I've got a Termlab now, if you want to measure the actual in-car performance... i'm busy this weekend, but maybe next? I'd love to see the DIYMA sub.


----------



## 10K2HVN (Mar 8, 2005)

OgreDave said:
 

> Vinh - yup .. Albert.
> 
> I plan on visiting Jun sometime to check out the sub .. even tho I've already paid for mine.
> 
> Wanna do another curry house run or something?


YEAH..Curry House was good!! Im in!  



TomT said:


> Hey Vinh! SO, what caliber of "Bang" are we talking about?
> 
> TomT


Nothing really cool..just 223 and black, like yours. -Two, actually! Also looking at 1911, too..


----------



## JoeHemi57 (Mar 28, 2006)

SQ_Bronco said:


> I've got a Termlab now, if you want to measure the actual in-car performance... i'm busy this weekend, but maybe next? I'd love to see the DIYMA sub.


dew eet


----------



## dual700 (Mar 6, 2005)

SQ_Bronco said:


> I've got a Termlab now, if you want to measure the actual in-car performance... i'm busy this weekend, but maybe next? I'd love to see the DIYMA sub.


I think Dang can measure it too, if I am not mistaken..
Where is Mojave Dessert, btw?


----------



## shiipseki (Jan 29, 2006)

I may be interested in listening to the DIYMA where you located at?


----------



## invecs (Jul 30, 2005)

Is the DIYMA 12 better than the Lotus?
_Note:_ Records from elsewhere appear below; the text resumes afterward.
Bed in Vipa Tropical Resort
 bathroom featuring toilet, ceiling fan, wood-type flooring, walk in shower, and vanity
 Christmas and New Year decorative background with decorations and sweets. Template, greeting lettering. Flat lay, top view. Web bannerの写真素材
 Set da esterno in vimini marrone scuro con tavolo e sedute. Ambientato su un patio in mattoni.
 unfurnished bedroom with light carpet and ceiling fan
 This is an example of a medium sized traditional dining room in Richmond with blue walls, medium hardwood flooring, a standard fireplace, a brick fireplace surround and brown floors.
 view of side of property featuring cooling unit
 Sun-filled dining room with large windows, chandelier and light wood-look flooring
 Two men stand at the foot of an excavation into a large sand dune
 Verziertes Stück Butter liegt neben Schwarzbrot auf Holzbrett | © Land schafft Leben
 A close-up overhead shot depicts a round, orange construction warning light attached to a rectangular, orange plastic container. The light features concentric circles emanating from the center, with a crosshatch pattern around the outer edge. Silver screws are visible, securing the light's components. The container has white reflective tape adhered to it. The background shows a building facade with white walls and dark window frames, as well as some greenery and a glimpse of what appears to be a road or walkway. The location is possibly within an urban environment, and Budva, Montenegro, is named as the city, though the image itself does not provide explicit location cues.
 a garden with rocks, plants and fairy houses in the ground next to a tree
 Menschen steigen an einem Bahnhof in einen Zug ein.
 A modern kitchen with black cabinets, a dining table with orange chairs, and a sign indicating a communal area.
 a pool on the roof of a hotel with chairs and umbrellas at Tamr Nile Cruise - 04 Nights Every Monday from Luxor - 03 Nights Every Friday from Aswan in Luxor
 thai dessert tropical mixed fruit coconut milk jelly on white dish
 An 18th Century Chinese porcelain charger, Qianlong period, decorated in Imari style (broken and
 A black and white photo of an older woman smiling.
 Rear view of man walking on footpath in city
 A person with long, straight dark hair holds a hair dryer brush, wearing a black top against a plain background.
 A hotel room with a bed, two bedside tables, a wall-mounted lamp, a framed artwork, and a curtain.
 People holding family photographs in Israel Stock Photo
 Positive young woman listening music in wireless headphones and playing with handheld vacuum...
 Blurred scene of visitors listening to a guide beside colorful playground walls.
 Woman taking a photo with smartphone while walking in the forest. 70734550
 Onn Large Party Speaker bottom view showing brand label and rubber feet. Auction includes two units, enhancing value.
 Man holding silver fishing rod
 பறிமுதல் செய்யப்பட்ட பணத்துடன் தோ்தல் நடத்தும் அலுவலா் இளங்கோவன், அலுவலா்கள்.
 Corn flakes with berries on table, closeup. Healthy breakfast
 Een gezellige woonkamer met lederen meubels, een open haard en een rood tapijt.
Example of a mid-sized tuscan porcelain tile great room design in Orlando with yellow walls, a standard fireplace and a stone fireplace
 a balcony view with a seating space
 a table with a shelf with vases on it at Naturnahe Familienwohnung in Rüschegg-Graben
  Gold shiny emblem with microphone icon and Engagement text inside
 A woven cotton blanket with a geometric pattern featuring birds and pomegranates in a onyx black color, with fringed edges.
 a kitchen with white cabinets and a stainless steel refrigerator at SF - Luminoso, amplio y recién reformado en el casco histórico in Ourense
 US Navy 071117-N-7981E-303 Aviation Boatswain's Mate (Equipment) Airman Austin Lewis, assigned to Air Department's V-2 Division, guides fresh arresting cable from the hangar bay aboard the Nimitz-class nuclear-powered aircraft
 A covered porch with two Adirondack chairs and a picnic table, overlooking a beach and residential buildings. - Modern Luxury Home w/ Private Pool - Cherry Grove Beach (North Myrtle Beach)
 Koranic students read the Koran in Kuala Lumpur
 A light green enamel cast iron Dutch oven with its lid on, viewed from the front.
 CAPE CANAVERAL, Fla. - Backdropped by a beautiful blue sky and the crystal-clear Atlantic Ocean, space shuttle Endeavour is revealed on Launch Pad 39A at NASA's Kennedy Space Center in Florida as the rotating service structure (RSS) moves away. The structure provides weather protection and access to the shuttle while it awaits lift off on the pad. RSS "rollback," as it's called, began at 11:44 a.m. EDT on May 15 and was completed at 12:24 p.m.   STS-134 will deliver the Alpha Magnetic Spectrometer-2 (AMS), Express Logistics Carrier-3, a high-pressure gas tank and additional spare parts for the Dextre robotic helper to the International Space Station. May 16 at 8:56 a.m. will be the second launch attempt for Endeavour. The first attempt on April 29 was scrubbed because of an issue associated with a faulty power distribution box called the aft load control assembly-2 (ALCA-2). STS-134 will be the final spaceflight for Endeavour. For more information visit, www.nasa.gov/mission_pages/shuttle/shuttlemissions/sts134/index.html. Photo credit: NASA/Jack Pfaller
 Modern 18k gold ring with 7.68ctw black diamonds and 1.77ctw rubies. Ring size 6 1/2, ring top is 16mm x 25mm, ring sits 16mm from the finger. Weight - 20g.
The review gave me an impression that the DIYMA 12 sounds like a Lotus 12 but can get louder.


----------



## fearlessfly28 (Mar 3, 2006)

maybe its a poor mans lotus?


----------



## fearlessfly28 (Mar 3, 2006)

also if i do place an order will my CC be charged or will it be "pending"?


----------



## low (Jun 2, 2005)

fearlessfly28 said:


> also if i do place an order will my CC be charged or will it be "pending"?


 i believe npd says since it is a preorder your cc will be charged.


----------



## low (Jun 2, 2005)

can any of you folk give a review with the diyma in a .5-1.0 enclosure...?


----------



## demon2091tb (May 30, 2005)

We need more people to hear them things. So we can get more reviews.


----------



## dual700 (Mar 6, 2005)

Technobug gave a review on ECA.

Low, got .5 cu box? I can give u the sub to play with, boss..


----------



## brass monkey (Sep 18, 2005)

If you have a 1cu. box and need it to be smaller just put a phone book or two in it. You said it was an SUV so I’m going to assume its probably up firing so it shouldn't ever touch the sub. Should work at least for evaluating purposes.


----------



## Slammed (Jan 27, 2006)

dual700 said:


> I think this sub will sell VERY well. I am glad I bought a couple and the Neo BG too. $$$ well spent.



yes....mention the BGs 

lol

nice review Eng...sounds like a fine subwoofer. If I am not satisfied with my Magnum I think I would look into this.


----------



## dual700 (Mar 6, 2005)

brass monkey said:


> If you have a 1cu. box and need it to be smaller just put a phone book or two in it. You said it was an SUV so I’m going to assume its probably up firing so it shouldn't ever touch the sub. Should work at least for evaluating purposes.


I know bud.
I moved from my old apt and threw away all those wooden blocks we used to build amp rack and stuff. Your idea is fine except I have to somehow prevent the papers from slapping like crazy, lol.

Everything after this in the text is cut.